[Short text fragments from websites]
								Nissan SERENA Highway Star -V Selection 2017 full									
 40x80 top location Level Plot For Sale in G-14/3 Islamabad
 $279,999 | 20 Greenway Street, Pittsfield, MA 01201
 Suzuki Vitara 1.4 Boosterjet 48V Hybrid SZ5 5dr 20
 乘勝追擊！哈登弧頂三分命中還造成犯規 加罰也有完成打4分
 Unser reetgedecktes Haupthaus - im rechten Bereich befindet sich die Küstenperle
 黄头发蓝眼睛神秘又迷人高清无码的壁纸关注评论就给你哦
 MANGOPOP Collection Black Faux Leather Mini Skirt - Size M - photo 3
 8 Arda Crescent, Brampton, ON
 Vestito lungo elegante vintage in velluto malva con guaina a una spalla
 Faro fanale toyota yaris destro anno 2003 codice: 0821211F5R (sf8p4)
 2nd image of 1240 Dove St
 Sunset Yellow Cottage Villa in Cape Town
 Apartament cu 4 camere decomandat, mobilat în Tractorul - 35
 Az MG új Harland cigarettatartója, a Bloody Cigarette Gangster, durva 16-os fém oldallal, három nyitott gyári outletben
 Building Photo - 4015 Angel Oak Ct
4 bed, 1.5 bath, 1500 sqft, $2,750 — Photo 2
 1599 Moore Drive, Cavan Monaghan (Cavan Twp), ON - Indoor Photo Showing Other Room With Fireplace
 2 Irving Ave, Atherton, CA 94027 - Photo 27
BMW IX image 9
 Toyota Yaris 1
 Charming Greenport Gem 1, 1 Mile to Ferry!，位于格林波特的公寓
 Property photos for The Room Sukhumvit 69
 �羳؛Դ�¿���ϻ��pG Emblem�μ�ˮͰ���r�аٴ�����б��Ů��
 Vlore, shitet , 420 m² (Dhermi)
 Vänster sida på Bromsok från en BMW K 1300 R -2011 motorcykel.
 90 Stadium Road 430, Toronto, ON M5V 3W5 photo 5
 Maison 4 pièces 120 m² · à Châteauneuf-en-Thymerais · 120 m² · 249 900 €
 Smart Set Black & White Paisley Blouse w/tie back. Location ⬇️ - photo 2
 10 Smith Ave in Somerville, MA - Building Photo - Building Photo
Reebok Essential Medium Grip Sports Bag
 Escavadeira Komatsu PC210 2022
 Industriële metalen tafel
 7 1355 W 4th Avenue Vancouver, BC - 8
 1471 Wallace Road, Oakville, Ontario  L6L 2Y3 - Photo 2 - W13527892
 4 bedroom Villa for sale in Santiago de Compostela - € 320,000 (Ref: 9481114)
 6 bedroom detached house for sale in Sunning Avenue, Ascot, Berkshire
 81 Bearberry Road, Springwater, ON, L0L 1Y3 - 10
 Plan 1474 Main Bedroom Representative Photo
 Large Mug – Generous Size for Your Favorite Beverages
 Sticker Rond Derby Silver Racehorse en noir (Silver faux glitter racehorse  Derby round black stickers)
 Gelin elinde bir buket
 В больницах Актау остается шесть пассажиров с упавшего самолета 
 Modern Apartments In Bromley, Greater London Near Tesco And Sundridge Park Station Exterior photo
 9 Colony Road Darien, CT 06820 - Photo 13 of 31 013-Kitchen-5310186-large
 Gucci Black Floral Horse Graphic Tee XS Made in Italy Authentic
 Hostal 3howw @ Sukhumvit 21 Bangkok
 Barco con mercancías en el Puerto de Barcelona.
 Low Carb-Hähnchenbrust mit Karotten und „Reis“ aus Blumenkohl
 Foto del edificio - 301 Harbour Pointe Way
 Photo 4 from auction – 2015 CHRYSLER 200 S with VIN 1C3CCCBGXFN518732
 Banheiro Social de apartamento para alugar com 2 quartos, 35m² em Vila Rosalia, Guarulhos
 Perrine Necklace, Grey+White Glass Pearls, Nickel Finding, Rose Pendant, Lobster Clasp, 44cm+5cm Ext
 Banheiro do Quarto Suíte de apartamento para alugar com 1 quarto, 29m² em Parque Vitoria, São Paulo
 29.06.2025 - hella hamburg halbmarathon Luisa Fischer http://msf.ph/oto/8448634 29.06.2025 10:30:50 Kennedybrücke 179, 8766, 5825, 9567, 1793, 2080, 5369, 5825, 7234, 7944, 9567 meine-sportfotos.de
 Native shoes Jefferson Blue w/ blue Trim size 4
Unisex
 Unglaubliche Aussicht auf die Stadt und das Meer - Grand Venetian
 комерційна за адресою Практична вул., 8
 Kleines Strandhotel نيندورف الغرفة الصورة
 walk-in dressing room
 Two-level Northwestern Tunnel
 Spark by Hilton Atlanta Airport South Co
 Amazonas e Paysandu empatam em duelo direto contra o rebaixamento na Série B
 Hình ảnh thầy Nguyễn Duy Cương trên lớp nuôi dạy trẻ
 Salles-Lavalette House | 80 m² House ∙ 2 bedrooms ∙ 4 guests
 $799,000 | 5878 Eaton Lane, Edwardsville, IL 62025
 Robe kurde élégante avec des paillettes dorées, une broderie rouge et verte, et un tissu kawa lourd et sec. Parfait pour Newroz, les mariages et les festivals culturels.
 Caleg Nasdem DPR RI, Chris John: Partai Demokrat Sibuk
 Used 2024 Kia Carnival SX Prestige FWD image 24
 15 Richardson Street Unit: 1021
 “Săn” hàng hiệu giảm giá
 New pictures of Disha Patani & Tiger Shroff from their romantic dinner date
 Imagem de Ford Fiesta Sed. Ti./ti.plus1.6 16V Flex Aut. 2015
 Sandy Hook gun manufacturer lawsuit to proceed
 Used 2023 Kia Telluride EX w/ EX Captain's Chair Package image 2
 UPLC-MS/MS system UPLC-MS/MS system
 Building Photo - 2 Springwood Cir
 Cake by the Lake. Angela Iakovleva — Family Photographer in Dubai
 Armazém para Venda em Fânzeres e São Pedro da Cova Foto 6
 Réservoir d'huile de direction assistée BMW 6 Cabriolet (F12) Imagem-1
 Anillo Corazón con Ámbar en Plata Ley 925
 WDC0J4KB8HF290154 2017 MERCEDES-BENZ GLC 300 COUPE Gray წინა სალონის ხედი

Task item
Find out how many lines in the data above hold the word "White". Write only the number.

Reply
2